• Task statement:
Every line of the listing should be retyped exactly, but none of the pictures should be.

• Information shown:

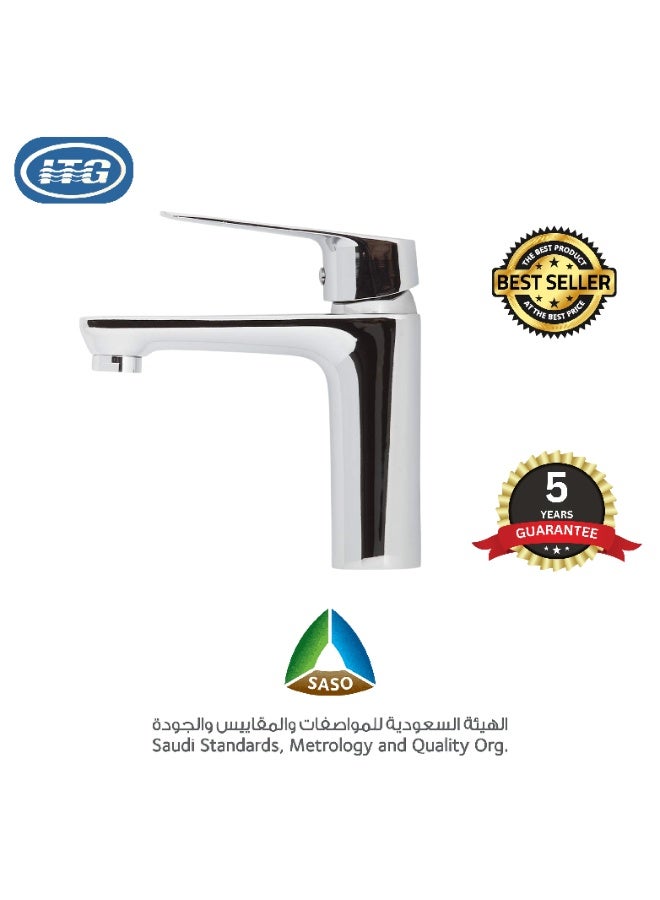 ITG Premium Hot & Cold Mixer Faucet – Chrome-Plated Tap for Bathroom & Kitchen | 5-Year Guarantee | SASO Certified - Image 2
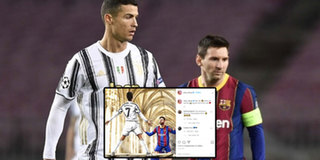 Messi lại bị chị gái Ronaldo chế giễu trên mạng xã hội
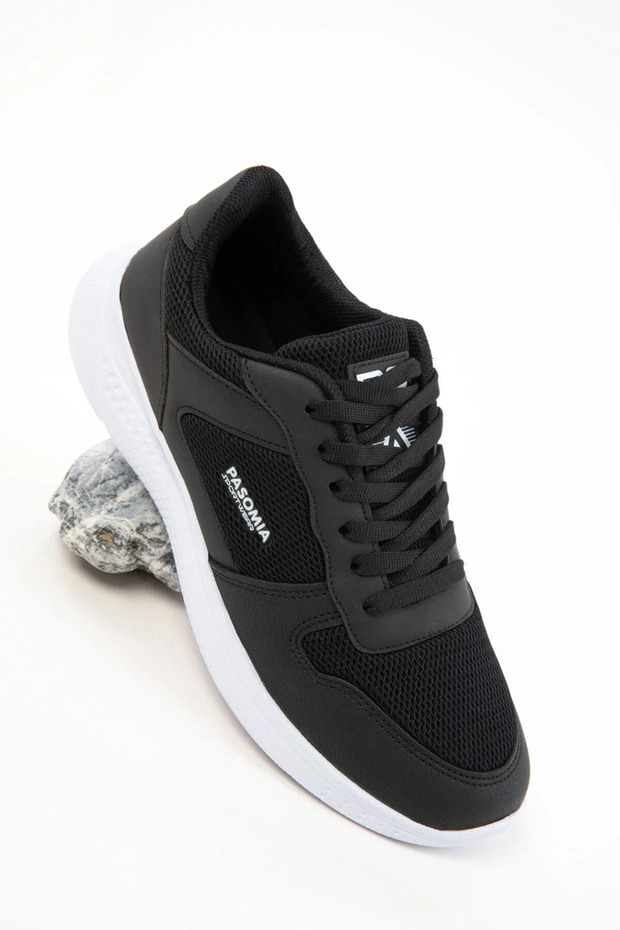 Pasomia 5411 Black and White Comfortable Lightweight Daily Women's Sneaker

• Answer below:
 ITG Premium Hot & Cold Mixer Faucet – Chrome-Plated Tap for Bathroom & Kitchen | 5-Year Guarantee | SASO Certified - Image 2
 Messi lại bị chị gái Ronaldo chế giễu trên mạng xã hội
 Pasomia 5411 Black and White Comfortable Lightweight Daily Women's Sneaker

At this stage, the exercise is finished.